▸ **What you will do**: Transcribe the entire listing, keeping each word as it is.

Start of Block

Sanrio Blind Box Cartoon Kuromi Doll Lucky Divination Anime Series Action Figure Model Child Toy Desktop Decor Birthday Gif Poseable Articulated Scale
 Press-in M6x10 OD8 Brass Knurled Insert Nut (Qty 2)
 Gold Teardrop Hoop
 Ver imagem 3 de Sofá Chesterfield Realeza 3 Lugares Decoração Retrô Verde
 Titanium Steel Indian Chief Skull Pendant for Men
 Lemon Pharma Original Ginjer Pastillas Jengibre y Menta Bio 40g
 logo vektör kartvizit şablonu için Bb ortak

End of Block

▸ **Worked solution**:
Sanrio Blind Box Cartoon Kuromi Doll Lucky Divination Anime Series Action Figure Model Child Toy Desktop Decor Birthday Gif Poseable Articulated Scale
 Press-in M6x10 OD8 Brass Knurled Insert Nut (Qty 2)
 Gold Teardrop Hoop
 Ver imagem 3 de Sofá Chesterfield Realeza 3 Lugares Decoração Retrô Verde
 Titanium Steel Indian Chief Skull Pendant for Men
 Lemon Pharma Original Ginjer Pastillas Jengibre y Menta Bio 40g
 logo vektör kartvizit şablonu için Bb ortak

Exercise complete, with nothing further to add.